▶ [Brief] Word for word, repeat all of the entries below.

[Data extracted from a collection]
= = = = =
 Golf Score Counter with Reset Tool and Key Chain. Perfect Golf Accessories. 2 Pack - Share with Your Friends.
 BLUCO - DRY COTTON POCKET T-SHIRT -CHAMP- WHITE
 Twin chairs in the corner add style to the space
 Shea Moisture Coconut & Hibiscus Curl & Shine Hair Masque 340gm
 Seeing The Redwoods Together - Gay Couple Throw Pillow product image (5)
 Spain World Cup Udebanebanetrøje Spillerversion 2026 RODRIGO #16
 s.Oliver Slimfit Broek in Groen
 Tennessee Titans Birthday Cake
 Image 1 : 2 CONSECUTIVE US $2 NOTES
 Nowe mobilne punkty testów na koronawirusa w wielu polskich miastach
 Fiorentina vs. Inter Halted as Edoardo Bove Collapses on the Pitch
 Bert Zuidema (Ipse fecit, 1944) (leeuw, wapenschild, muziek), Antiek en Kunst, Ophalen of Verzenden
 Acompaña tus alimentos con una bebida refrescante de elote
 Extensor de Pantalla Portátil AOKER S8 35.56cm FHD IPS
= = = = =
▶ [Response area]
 Golf Score Counter with Reset Tool and Key Chain. Perfect Golf Accessories. 2 Pack - Share with Your Friends.
 BLUCO - DRY COTTON POCKET T-SHIRT -CHAMP- WHITE
 Twin chairs in the corner add style to the space
 Shea Moisture Coconut & Hibiscus Curl & Shine Hair Masque 340gm
 Seeing The Redwoods Together - Gay Couple Throw Pillow product image (5)
 Spain World Cup Udebanebanetrøje Spillerversion 2026 RODRIGO #16
 s.Oliver Slimfit Broek in Groen
 Tennessee Titans Birthday Cake
 Image 1 : 2 CONSECUTIVE US $2 NOTES
 Nowe mobilne punkty testów na koronawirusa w wielu polskich miastach
 Fiorentina vs. Inter Halted as Edoardo Bove Collapses on the Pitch
 Bert Zuidema (Ipse fecit, 1944) (leeuw, wapenschild, muziek), Antiek en Kunst, Ophalen of Verzenden
 Acompaña tus alimentos con una bebida refrescante de elote
 Extensor de Pantalla Portátil AOKER S8 35.56cm FHD IPS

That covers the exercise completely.